É neste contexto que vozes como a da professora de jornalismo da Universidade Federal Fluminense (UFF) e autora de vários livros sobre o cotidiano do fazer jornalístico, Sylvia Moretzsohn, precisam ser ouvidas. Sylvia não usa meias-palavras para definir a atuação da grande mídia na cobertura da política nacional: “As grandes redações há muito tempo substituíram o jornalismo pela propaganda”.
Colaboradora do ObJETHOS, Observatório de Ética Jornalística, projeto do Departamento de Comunicação da Universidade Federal de Santa Catarina, Sylvia analisa nesta entrevista, entre outros temas, a atuação dos jornalistas que “vestem a camisa” das empresas e trabalham contra o interesse publico: “Sempre há e haverá jornalistas que honram a profissão, mas não são a maioria, muito menos hoje, nesse quadro de redução sistemática dos postos de trabalho, que favorece a tendência ao que antigamente chamávamos de adesismo: vestir a camisa da empresa, incorporar seus ideais, falar a voz do dono, sem perceber que, quando chegar o momento de cortar custos, essa subserviência será insuficiente para garantir o emprego”.
Como avalia o comportamento da grande mídia (jornalões do eixo Rio-SP, TVs abertas e rádios com penetração nacional) na cobertura política recente: Governo do PT (Lula e Dilma), Operação Lava-Jato e processo de impeachment da presidenta Dilma?

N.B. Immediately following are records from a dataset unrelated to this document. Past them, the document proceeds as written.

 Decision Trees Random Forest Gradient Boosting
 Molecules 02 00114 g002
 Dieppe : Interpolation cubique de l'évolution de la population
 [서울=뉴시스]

Eu não vou dizer nada diferente de tantos críticos, e não posso me estender porque seriam inúmeros os detalhes. Recordo apenas a declaração da então presidente da ANJ (Associação Nacional de Jornais), Judith Brito, sobre a necessidade de a imprensa fazer o papel que a oposição não estava conseguindo fazer. Isto foi em 2010 e explica muito do comportamento das grandes empresas jornalísticas. Um artigo da Maria Inês Nassif publicado dia 13 de maio (http://goo.gl/G2eVIu) puxa bem o fio da meada que liga Judiciário e mídia em todo esse processo: há um bombardeio constante desde o mensalão até o golpe recém-desfechado. Ela mostra, inclusive, como funciona esse sistema em que o MP ou o juiz usa a mídia para divulgar informações que vão criar o clima propício para alimentar a investigação que lhes interessa. Mas não foi o juiz do Paraná que disse que era preciso usar a mídia? Nenhuma surpresa nisso, a não ser pelo fato de que as instituições supostamente republicanas são coniventes com esses desvios de função, às vezes criminosos.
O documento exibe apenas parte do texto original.